INFORMATION SUPPLIED

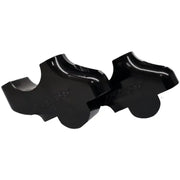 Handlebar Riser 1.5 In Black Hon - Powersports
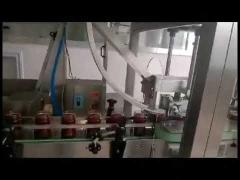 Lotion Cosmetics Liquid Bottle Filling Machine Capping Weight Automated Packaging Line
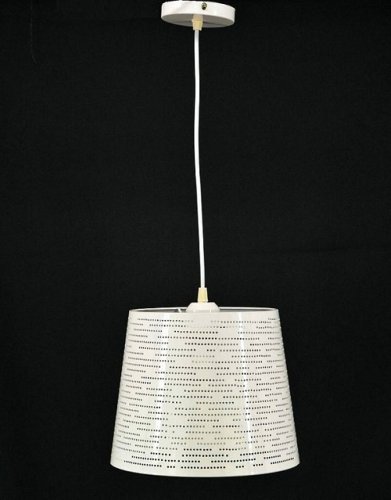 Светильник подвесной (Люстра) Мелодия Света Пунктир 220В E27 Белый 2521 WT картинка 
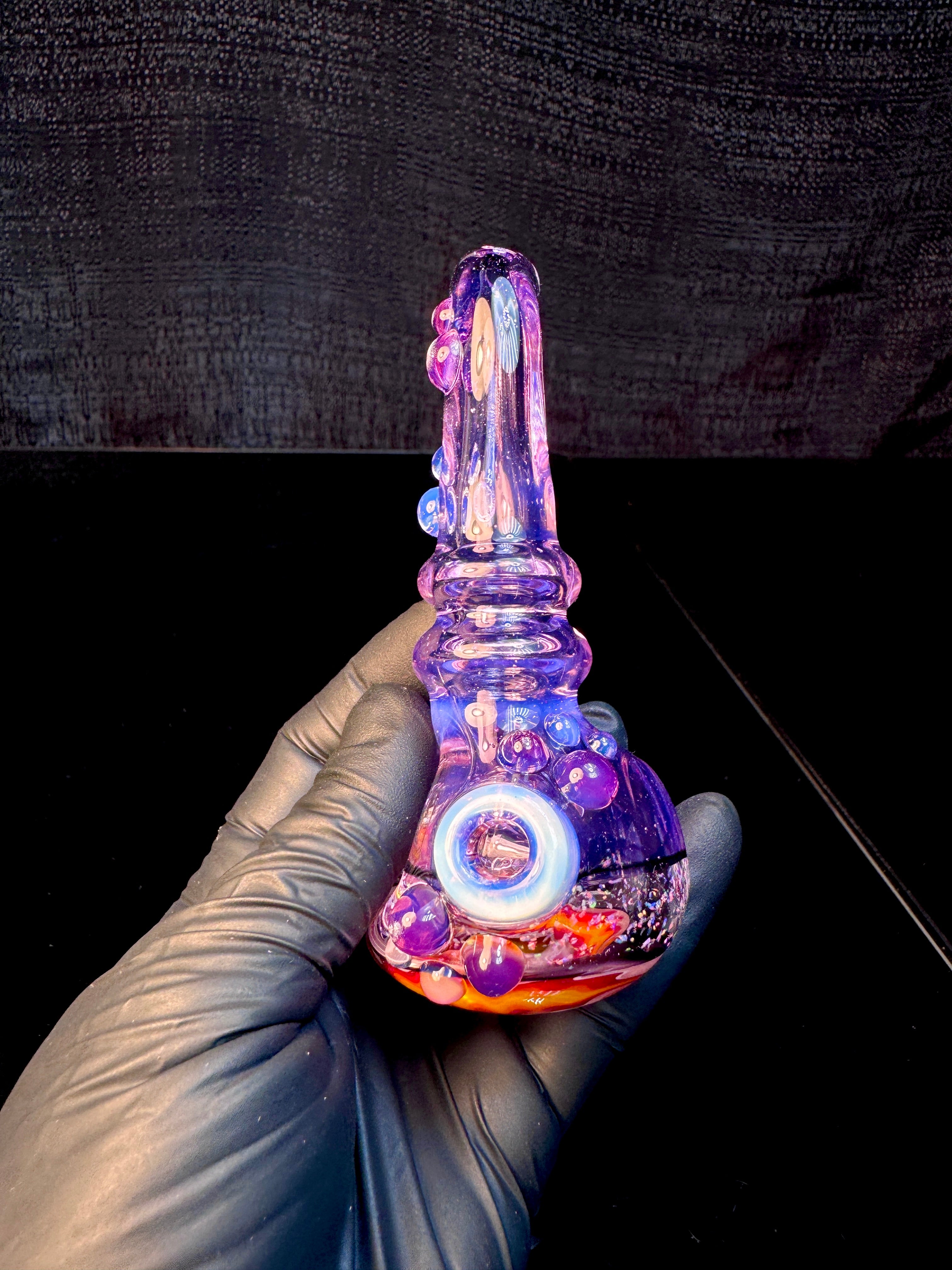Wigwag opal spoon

TASK INSTRUCTIONS
Take the line that contains "Lotion Cosmetics Liquid" and all lines after it to the end of the material above, and copy them verbatim without any images.

SOLUTION FOR THIS TASK
 Lotion Cosmetics Liquid Bottle Filling Machine Capping Weight Automated Packaging Line
 Светильник подвесной (Люстра) Мелодия Света Пунктир 220В E27 Белый 2521 WT картинка 
Wigwag opal spoon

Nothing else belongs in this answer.